Tracie had one, William Serrin, who taught her reporting and, in her words, "how to cut the crap and not cry about it."

Megan: "There was an adjunct in the German department at my university who was the first older guy I ever wanted to bone, but I only think about him under rather specific circumstances. There was a prof in grad school I wanted to sue for sex discrimination and now wish I had, and one on my study abroad who hated me who I was randomly put in touch with a couple years ago." Megan's biggest intellectual influence was her high school German teacher.

Don: "Steven Bronner - total asshole. Marxism. was considered the 'voice of new Socialism' — i considered him the 'voice of old lechery' Marjorie Howes - Joyce seminar and Irish literature courses. it was all about the material maybe. Some other dude, who taught my satire class - i think he hit on me. perv." Don reads Ulysses every year, for whatever reason.

Anna had two favorite professors: one taught a creative nonfiction class; one taught a Dostoyevsky seminar. (True story: The nun who taught my fucking high school AP English class pronounced it "Dostoyvesky" and I think that's why I spent that year sampling eating disorders in lieu of literary greats.)

Balk went to college for a semester and a half, which explains why he is a genius.

And the DrunkenStepfather is also an autodidact!
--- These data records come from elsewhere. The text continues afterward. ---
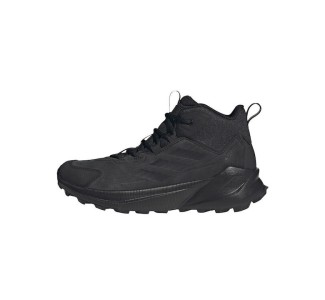 Adidas Terrex Trailmaker 2 Mid Ανδρικά Ορειβατικά Μποτάκια Μαύρα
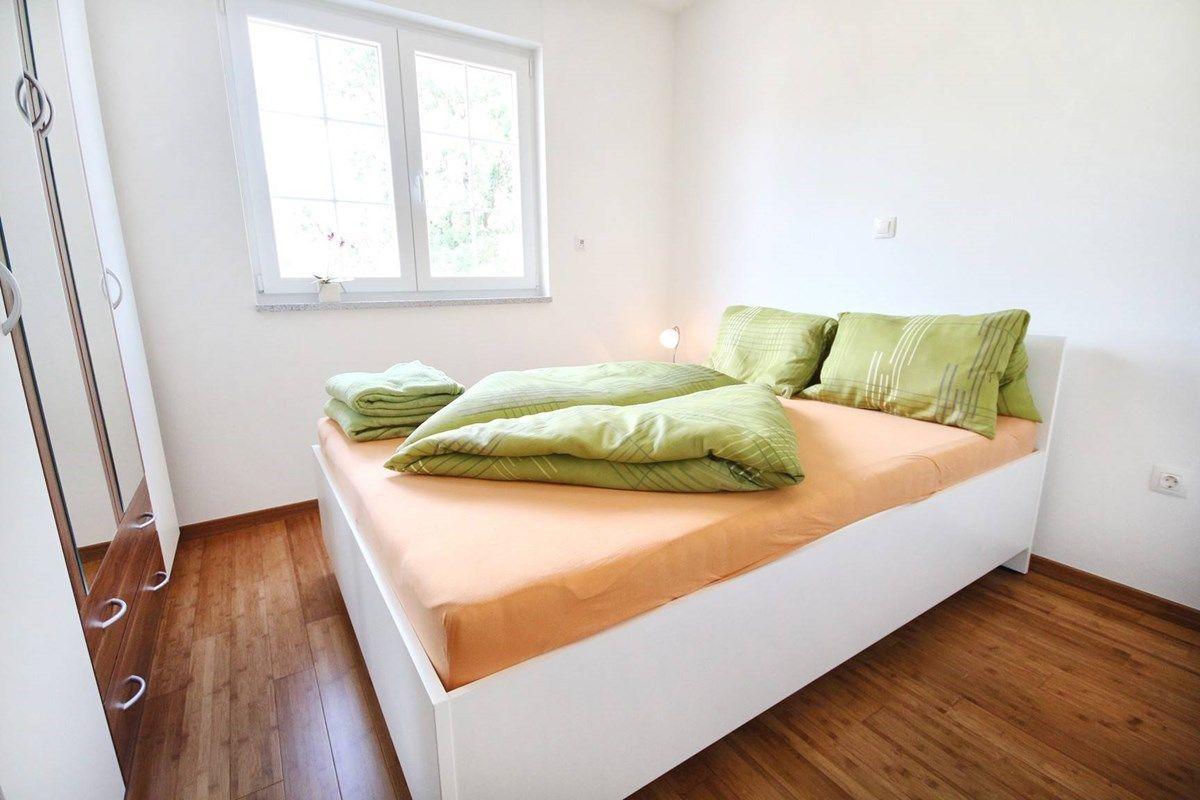 Apartment Borka Медулин Экстерьер фото
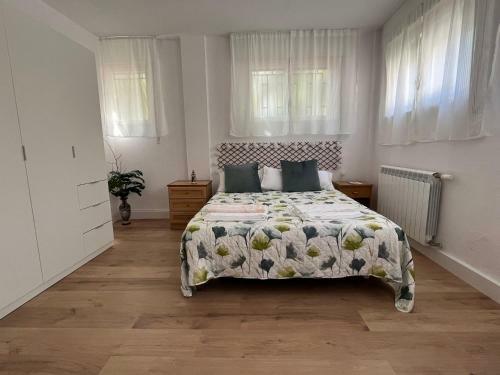 Resisantander - Apartamento Para 9 Personas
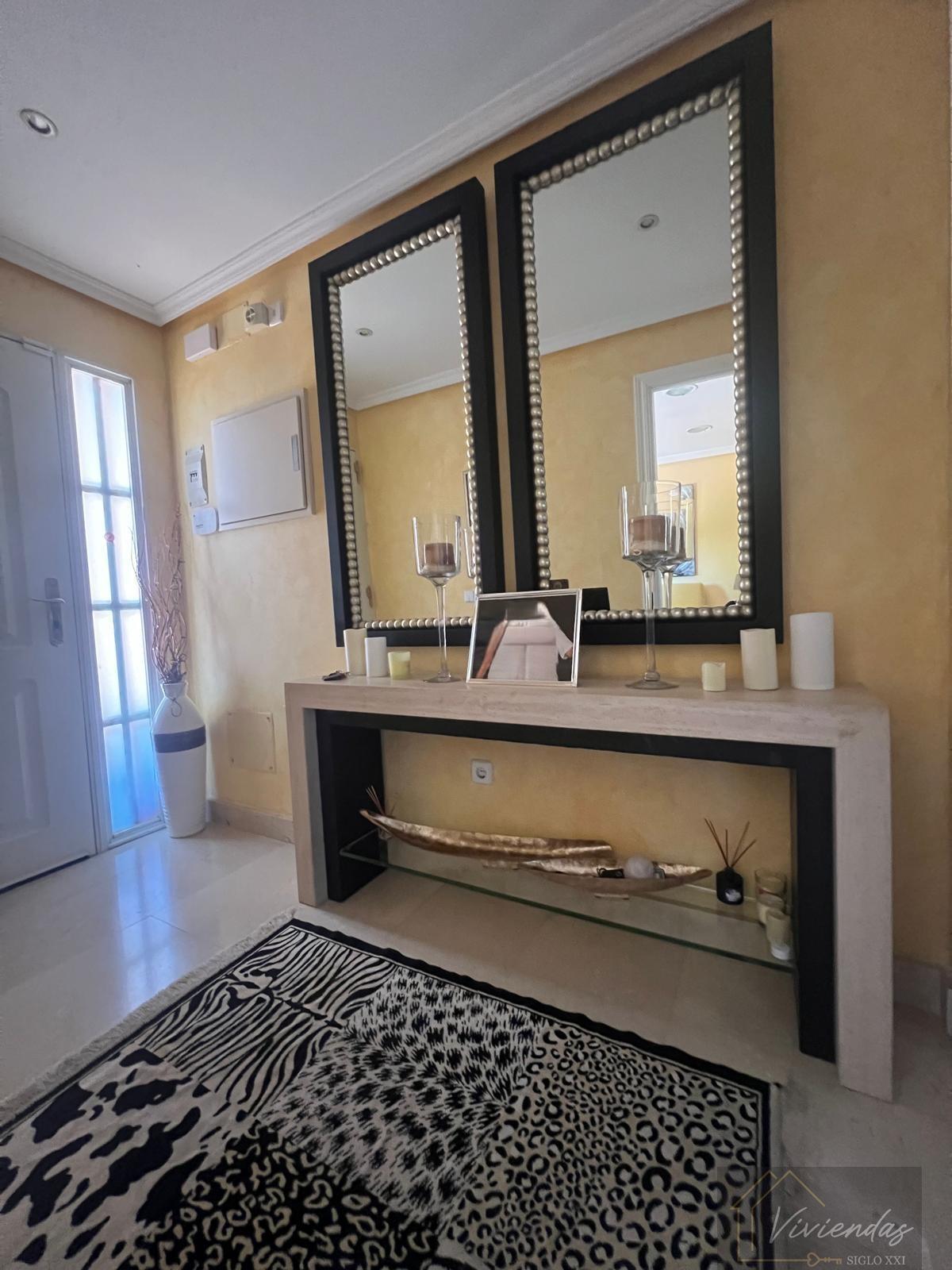 Venta de chalet en Boadilla del Monte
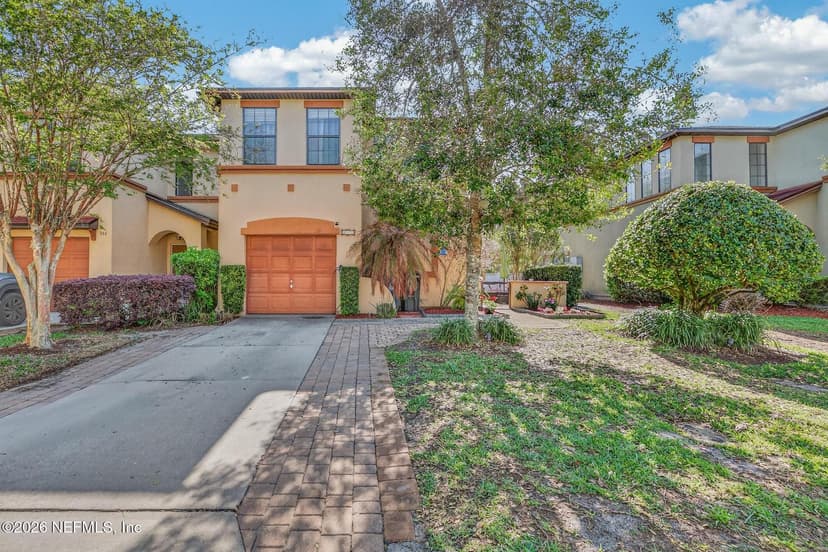 542 DRY BRANCH Way, St. Johns, FL 32259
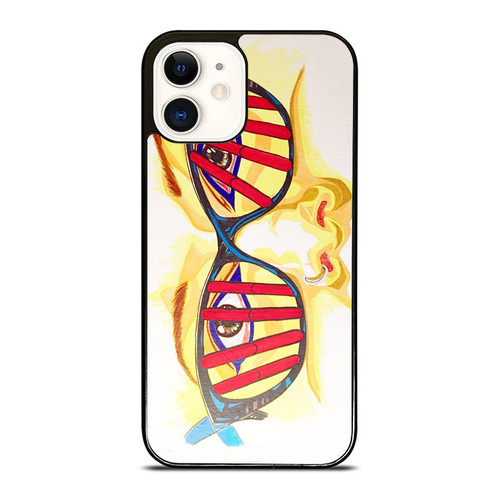 Cosima Niehaus iPhone 12 Mini / 12 / 12 Pro / 12 Pro Max Case Cover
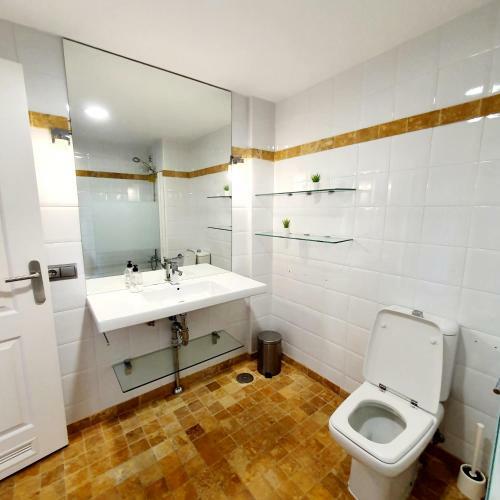 Apartamento Reserva Seaviews Penthouse
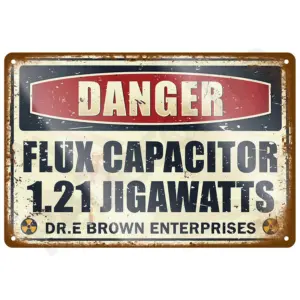 Vintage Retro Metal Sign 20x30cm Collection 44 S09dc3219e6774c06be033cdf43dfe24cD 2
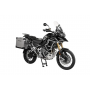 ZEGA Pro système de coffre en aluminium pour Triumph Tiger 1200 (2022-)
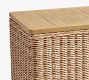 Huntington Pool Storage Trunk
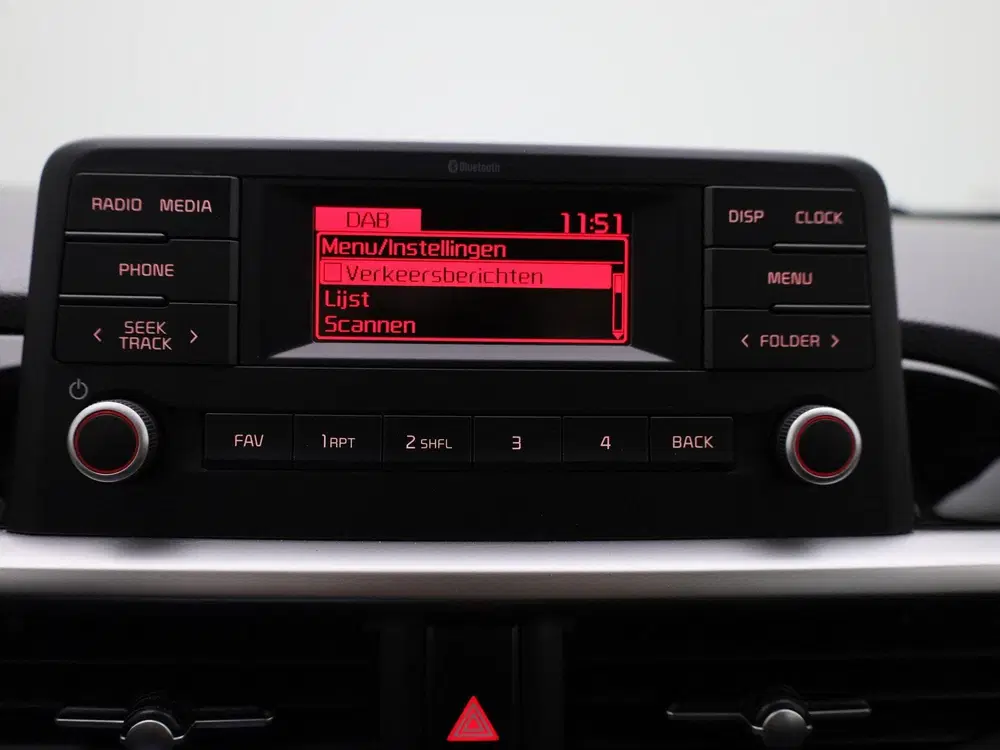 Kia Picanto 1.0 DPi ComfortLine uit 2021, foto 16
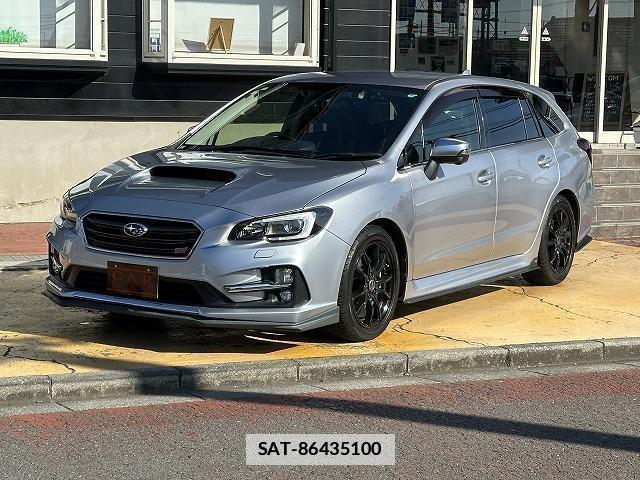 Subaru LEVORG 2017-07 7815612-15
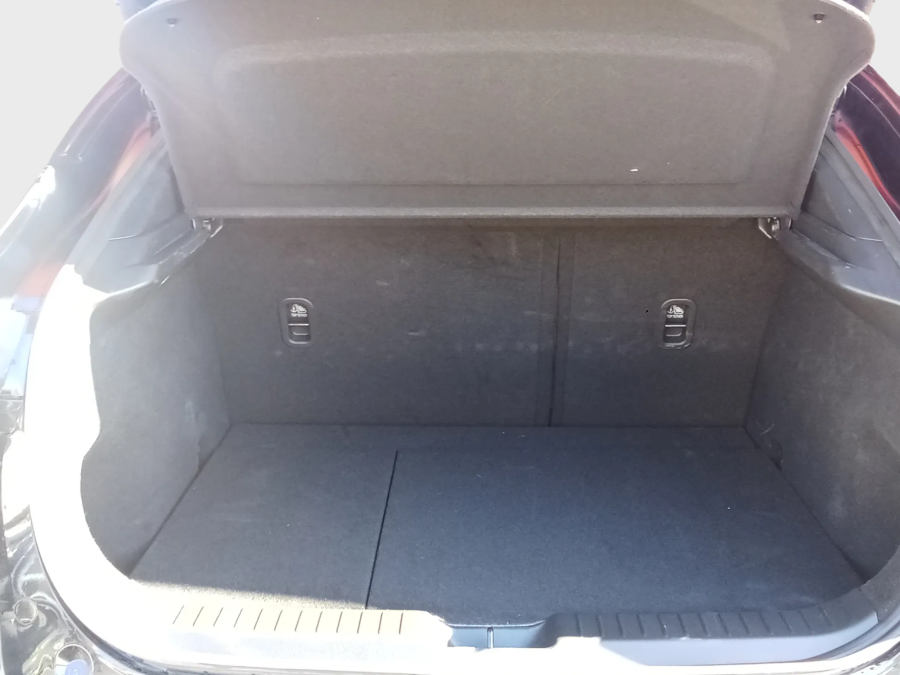 Imagen de Mazda CX-30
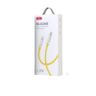 XO KABEL NB-Q252B USB-C/USB-C 1m 60W ZÓŁTY na NearMe.pl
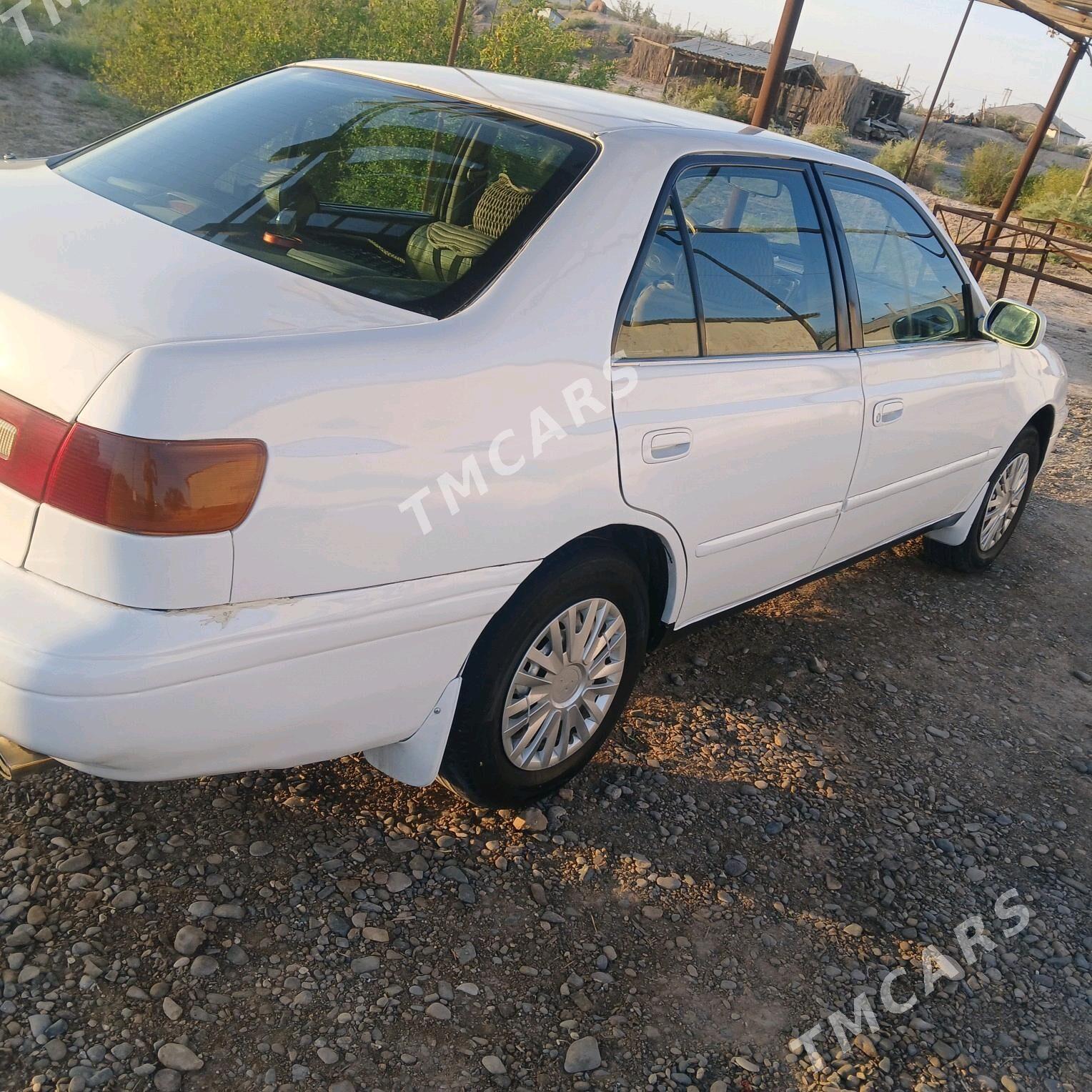 Toyota Corolla 2000 - 69 000 TMT - Серахс - img 4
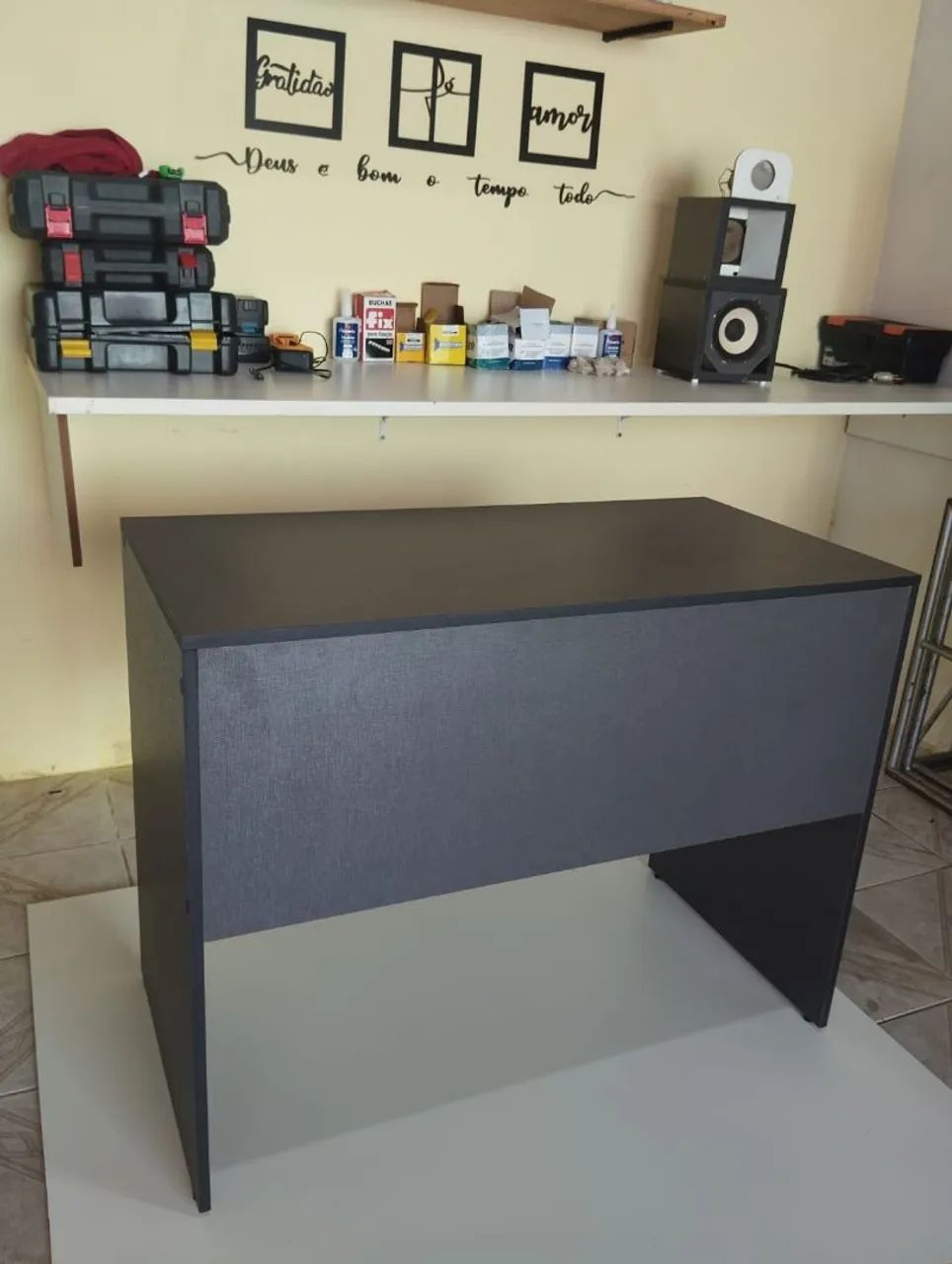 Escrivaninha planejada - Foto 4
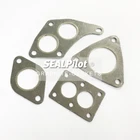 metal insert Flexible graphite composite sheet Made in China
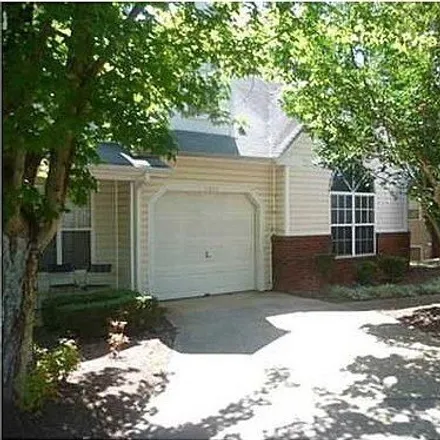 Rent this 2 bed house on 5955 Prescott Court in Charlotte, NC 28269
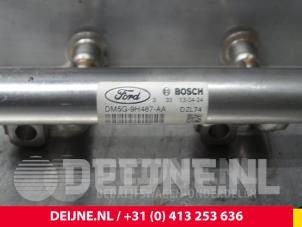 Ford Focus Galerij (Injectie) O64582 foto 3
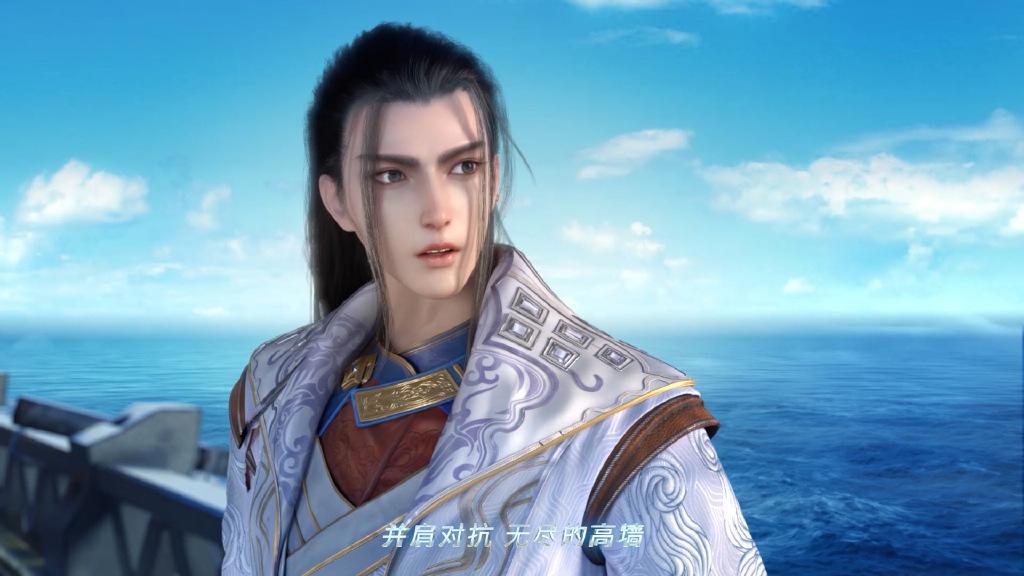 一个真正经，一个真憨批，这部双男主国漫意外戳中笑点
Not only did he not attend college, he doesn't even really read, although he made an exception for the Barbara Walters memoir and The Art Of The Deal. (Which I have also read.)

The one professor I still think about is Francis Fukuyama, with whom I took a graduate class at George Mason after I dropped out, namely to see if I could get away with taking a graduate class without actually graduating. The readings overlapped probably 50% with readings I'd been assigned in a (much more expensive) seminar I'd taken at Penn, but somehow he made it so I could actually understand them. No easy task, as Professor X could tell ya.

And finally, because I'm obviously deliberately ignoring the obvious point that "Maybe If Your Career Involved The Application Of Critical Theory Or Ancient Philosophy Or Whatever You Would Think More About Your Old Professors And Less About This Fucking Website," I asked my friend Jess. "Totally," she said. "Jim Nechas. He would have been a great blogger."